Russian hackers use "tainted leaks" to spread disinformation
At Wired, Andy Greenberg reports that a Citizen Lab study of leaked documents finds that Russian hackers altered documents within releases of hacked material in order to plant disinformation - "falsehoods in a forest of facts" - a technique Citizen Lab has dubbed "tainted leaks". Citizen Lab studied an extensive Russia-linked phishing and disinformation campaign with hundreds of targets in government, industry, military and civil society. Those targets include a large list of high profile individuals from at least 39 countries (including members of 28 governments), as well as the United Nations and NATO. Although there are many government, military, and industry targets, the Citizen Lab report provides further evidence of the often-overlooked targeting of civil society in cyber espionage campaigns.  Civil society -- including journalists, academics, opposition figures, and activists -- comprise the second largest group (21%) of targets, after government.
Citizen Lab:

IBM's Watson largely matches doctors' diagnoses
Pharmaphorum reports that IBM data shows that the company's Watson AI matches doctors' recommendations from 43% to 96% of the time. Studies in Bangkok, Bangalore, and Incheon, South Korea find varying rates of concordance for different types of cancer and treatment guidelines. The studies suggest that while Watson may be useful to speed up diagnosis it cannot yet improve upon doctors' decisions. The Bangkok Post reports on the state of efforts to deploy Watson and other AI systems in Thailand.
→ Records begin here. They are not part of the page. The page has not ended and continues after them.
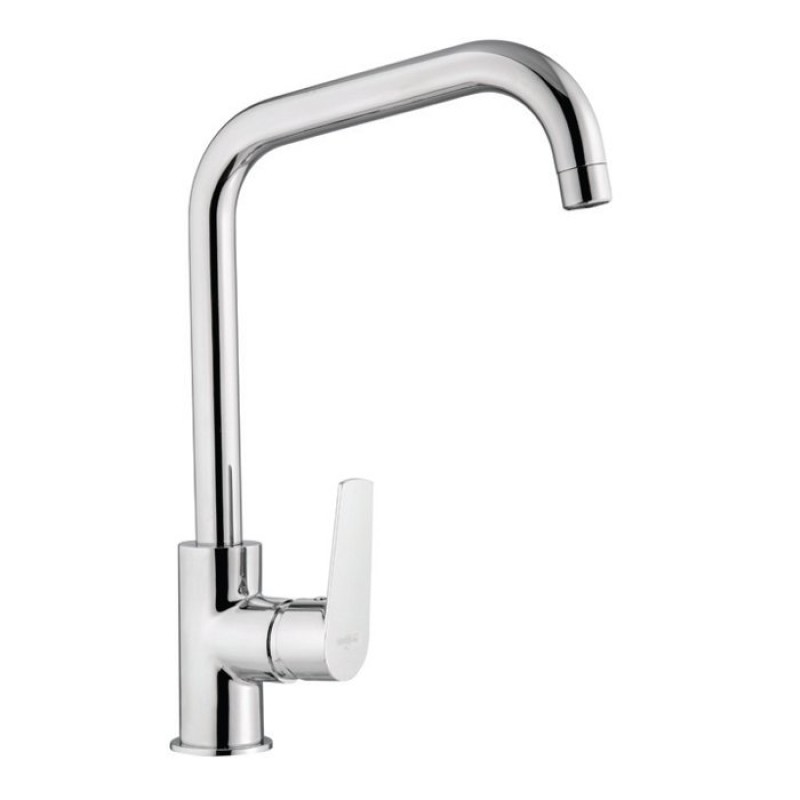 Orabella Gemma Μπαταρία Κουζίνας Chrome 20118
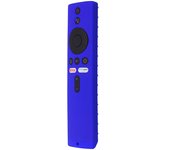 1pc Remote Cases for Xiaomi Mi TV Box S Wifi Control Case Silicone Shockproof Protector Stick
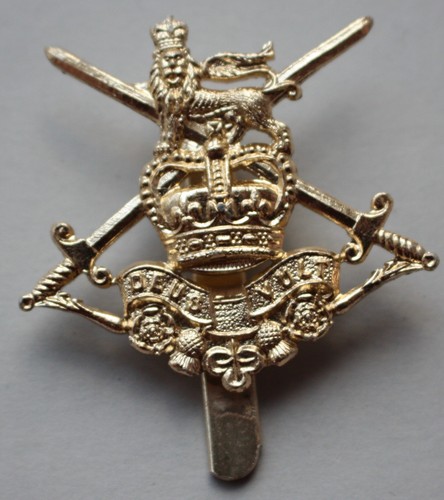 British army junior leader - british,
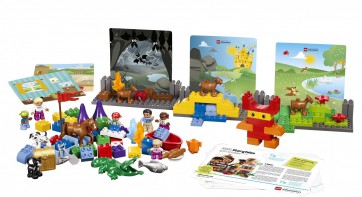 Базовый набор "Моя первая история. DUPLO" - fgospostavki.ru - Мурманск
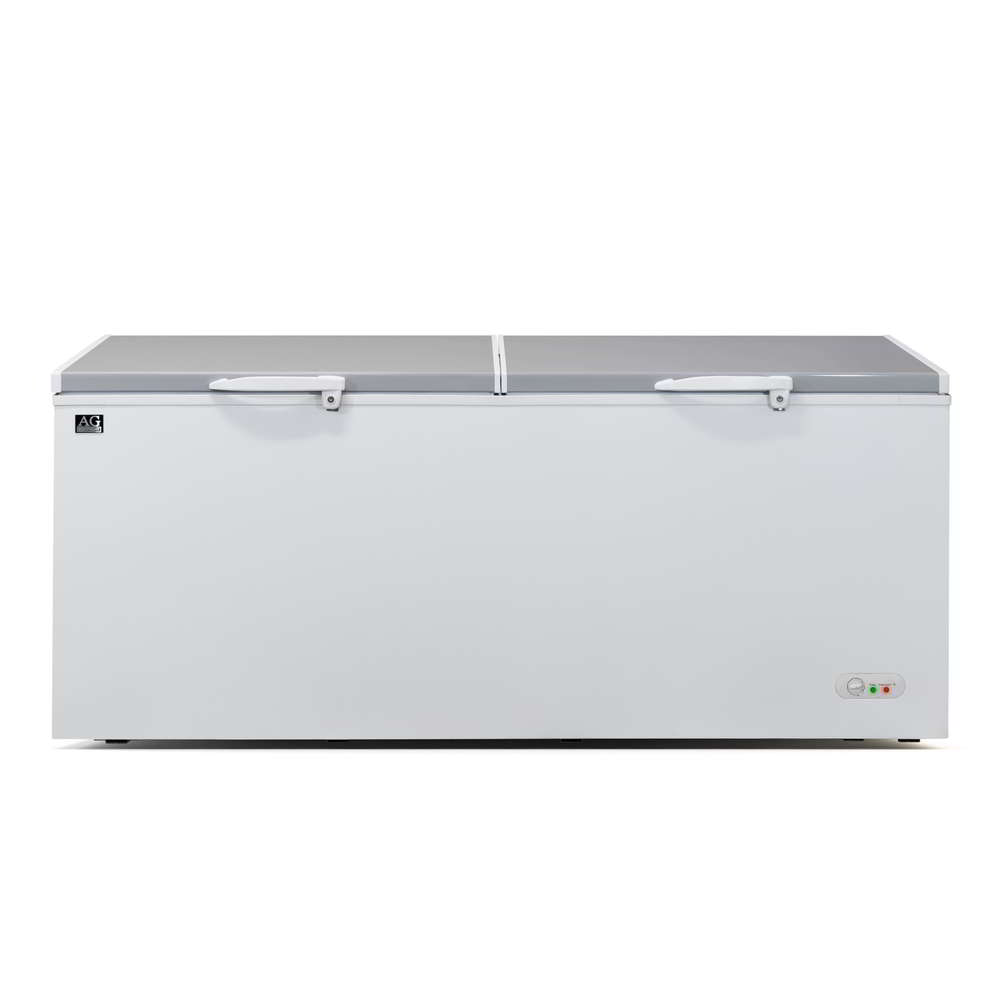 AG BD700S – Commercial Chest Freezer - 670 Litre
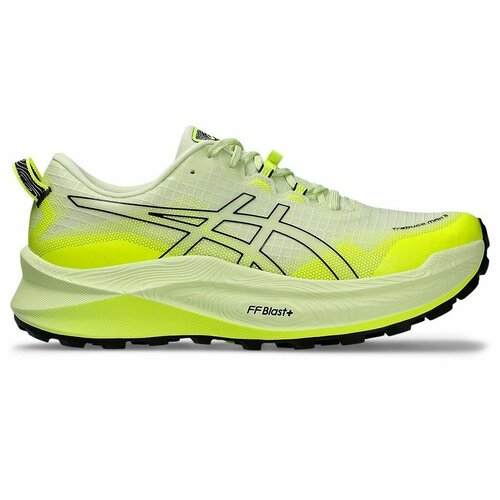 фото Кроссовки asics trabuco max 3, размер 7,5, зеленый
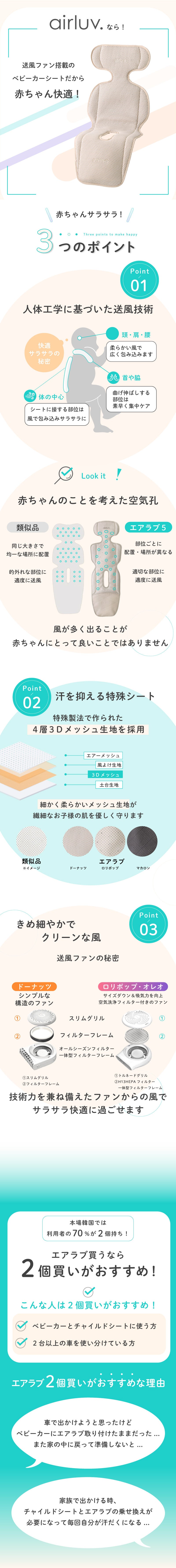 エアラブ適正診断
The New York Times asks if China is outsmarting the US in AI.
Bangkok Post:
NY Times:

Peru: Ministry of the Interior's "Watchitaxi" app 
Access Now reports on the problems with Watchitaxi, an app released and promoted by the Peruvian Ministry of the Interior with the stated intention of improving security for people using taxis. Access Now praises the Ministry's good intentions, but finds numerous problems with the app: it is insufficiently transparent about how the Ministry will use and store the data it collects and it protects physical, but not cyber security. Access Now suggests that all government-endorsed apps should be open source and should be forced to respect fundamental human rights.
Access Now (Spanish):
English (Googls):

Uber adopts "route-based pricing"
Bloomberg reports that Uber has adopted a new pricing system that uses machine learning and its customer data to charge what it believes customers will pay. Called "route-based pricing", the system, in part intended to allay investors' fears that the company will never become profitable, has also increased the gap between what customers pay and what drivers earn. In 2012, Edward Hasbrouck discussed the issue of personalized pricing with respect to airlines: it is, he argues, opaque and filled with the potential for discriminatory practices. 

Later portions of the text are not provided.